Карл заглядывает в свои записки.
– Я звонил в больницу, Ангела Новак, судя по всему, не лжет. В девять сорок скорая забрала некую Веру Драммстад из ее дома и доставила в отделение интенсивной терапии больницы “Тюстед”. Похоже, у нее случилось просто временное нарушение мозгового кровообращения, но, чтоб вы знали, она по-прежнему в больнице, под наблюдением.
– Она что-нибудь видела? В смысле, Ангела Новак, – спрашивает Карен, подавляя зевоту и не очень надеясь услышать что-нибудь интересное.
Так и есть.
– Да нет, ничего, насколько она помнит. Но ведь она была очень расстроена из-за случившегося со старушкой, а вдобавок нервничала, так как опаздывала к Харальду Стеену. Знала, что он непременно примется ворчать.
– Хороша работенка, – бурчит Корнелис Лоотс.

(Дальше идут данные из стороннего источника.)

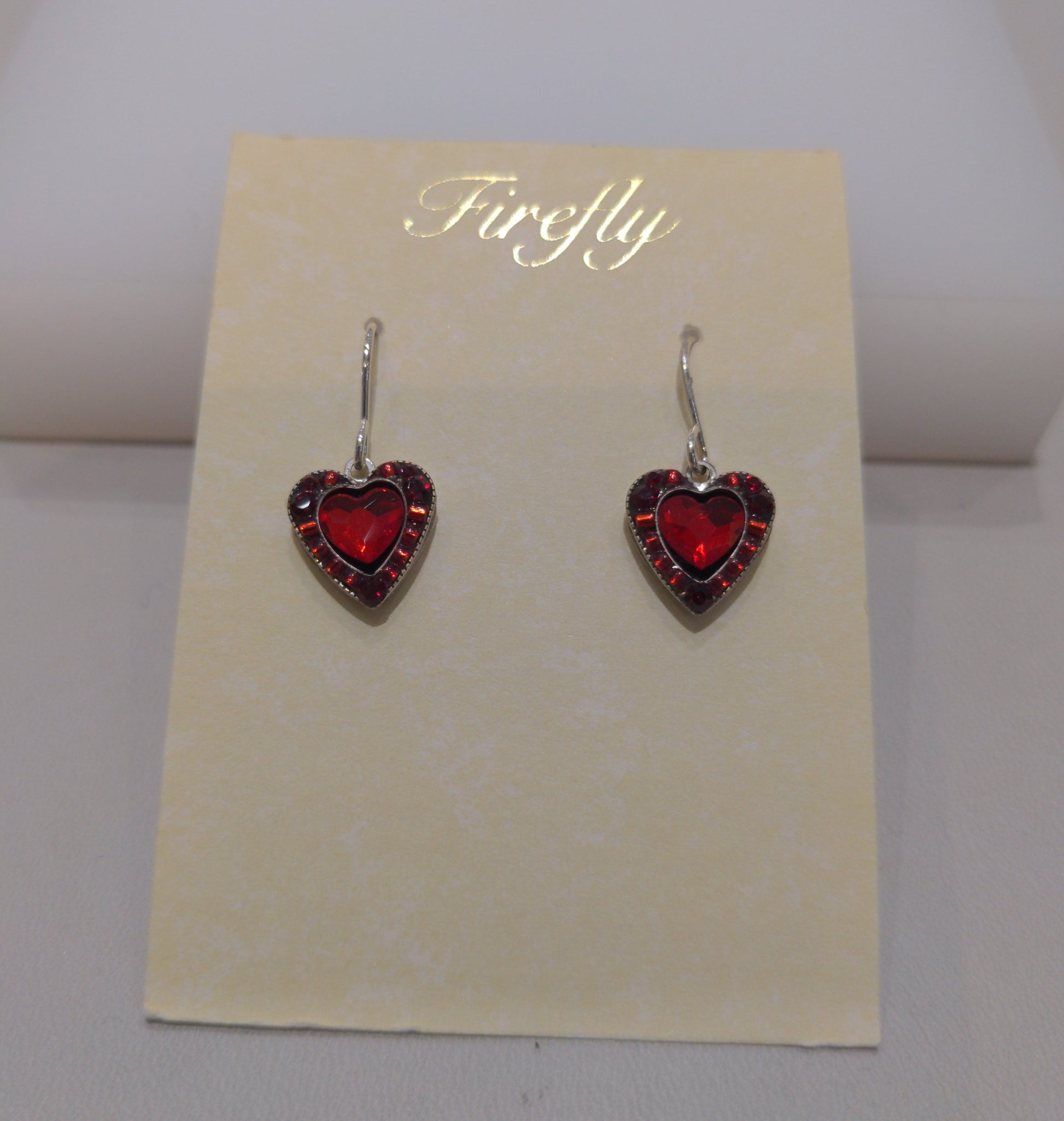A pair of silver wire earrings with red heart-shaped embellishments, presented against a beige background in a clear case.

– Зато позднее и она, и старикан вправду слышали автомобиль, который врубил движок и уехал. По словам Ангелы Новак, прямо перед началом десятичасовых новостей, – продолжает Карл. – И она действительно заметила, что мотор чихает и кашляет в точности как машина ее отца в Польше. Она как раз сварила кофе и помогала Стеену встать с кровати, поэтому никто из них автомобиль не видел.
– Значит, в принципе это могла быть и совсем другая машина. Может, кто-то проезжал по дороге. – Йоханнисен разводит руками.
– В принципе, да, – говорит Карл с нарочитым спокойствием. – Но Харальд Стеен уверен, что узнал ее по звуку стартера.
Эвальд Йоханнисен кривит рот в скептической усмешке:
– В этом старикан уверен, но, пока они там распивали кофе, никто из них не заметил, что у соседки горит? Разве это не чертовски странно?
– Да нет, не особенно, – раздраженно бросает Карл. – Брудаль ведь сказал, огонь сам быстро потух, вдобавок кухонное окно выходит на другую сторону. Примерно час спустя внимание Харальда Стеена привлек не этот дым, а тот, что шел из трубы. Ему показалось странным, что у Сюзанны топится плита, хотя ее самой явно нет дома. Потому он и пошел туда. Ты что, не слушаешь?
Карл Бьёркен смотрит в потолок и разводит руками, будто ища поддержки высших сил. Йоханнисен порывается отпарировать, но Карен перебивает:
– Ладно, оставим это. Корнелис и Астрид, нарыли что-нибудь полезное? Эх, передайте-ка сюда эти подошвы и термос тоже.
– Увы, – отвечает Астрид Нильсен. – Мы опросили всех соседей в радиусе пятисот метров от участка Сюзанны Смеед.
– Н-да, вряд ли их много набралось, – бормочет Карен, нажимая на кнопку термоса. В стаканчик льется тонкая светло-коричневая струйка.
– Конечно, дома на окраине Лангевика стоят редко, но, кроме Харальда Стеена, мы все же нашли несколько расположенных достаточно близко, чтобы их обитатели могли что-нибудь заметить.
Только если они торчали у своих заборов и глазели на Сюзаннин дом, думает Карен. Она прекрасно знает, о каких домах говорит Астрид. Хотя, возможно, Гудъюнссоны, думает она секундой позже. Им Сюзаннин дом виден прямо из окна, по крайней мере со второго этажа.